Refinements for sealed types

Brian Goetz brian.goetz at oracle.com
Sun Aug 18 19:25:28 UTC 2019


> So if everything is explicit, we want
> - all sealed types to defines their permit clauses
>  (so we need a kind of "permit none" if no subtypes is allowed ?)
> - all subtypes of a seal types to explicitly says if there are sealed or non sealed (to avoid accidental unsealing). 
> 
> am i right, or am i missing something ?

Yes, this is basically it.  I don’t think we need “permits none” because a sealed type with no permitted subtypes is effectively a final type, and only makes sense for concrete classes, so that’s a final class.  

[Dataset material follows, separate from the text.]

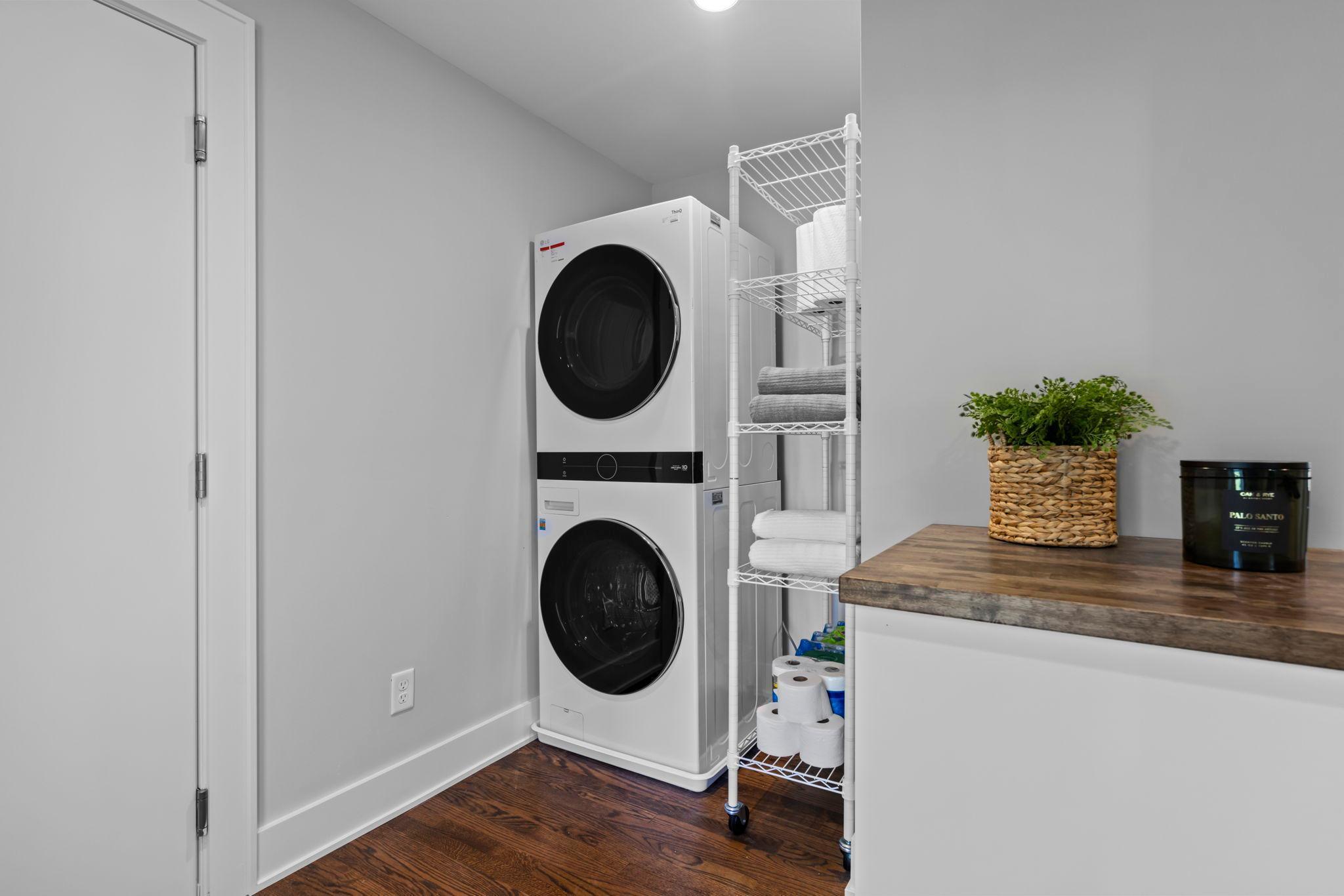 Minneapolis, Minnesota, 55435, United States, 5 Bedrooms Bedrooms, ,5 BathroomsBathrooms,Residential,Active,1944270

> There are several ways to reduce the ceremony
> - implicit declaration of sealed subtypes if the super type is sealed
> - implicit declaration of permit clauses
> and we may want to choose one, the other or both.


Right.  Now, some observations:

 - We have two cases (sum types, and restricted hierarchies), and two goals (ceremony management, and safety/clarity);
 - Implicit sealing of subtypes by default serves both goals and both use cases, but asymmetrically; it provides ceremony reduction for the sum types case, and safety for the restricted hierarchy case.  
 - Ceremony reduction is far more important for the “sum types” use case than for the “restricted hierarchy” use case, for several reasons.
 - Implicit declaration of permits clauses provides ceremony reduction for the sum types case.
 - Both forms of ceremony reduction start to cross over into being liabilities for the restricted-hierarchy case, because readers should have full information about the hierarchy shape.
 - Most sum types will be co-declared;  many restricted hierarchies will not be.

So, given all this, we should focus all our ceremony-reduction on the case of co-declared sum types.  Which is mostly what I think I was suggesting:

 - Infer the permits clause when all the subtypes are co-declared;
 - Infer “final” for leaf classes in a sum type;
 - Require explicitness in both sealed/non-sealed, and permits clause, in other cases.

We could tighten this further, which probably makes sense:
 - Infer the permits clause when the subtypes are co-declared;
 - Infer final _when the current class is a subtype of a sealed type in the same compilation unit, and has no subtypes_ (again, co-declared with its parent);
 - Require explicit sealed or non-sealed in all other cases;
 - Require explicit permits clause in all other cases.

So this focuses the magic on co-declared hierarchies.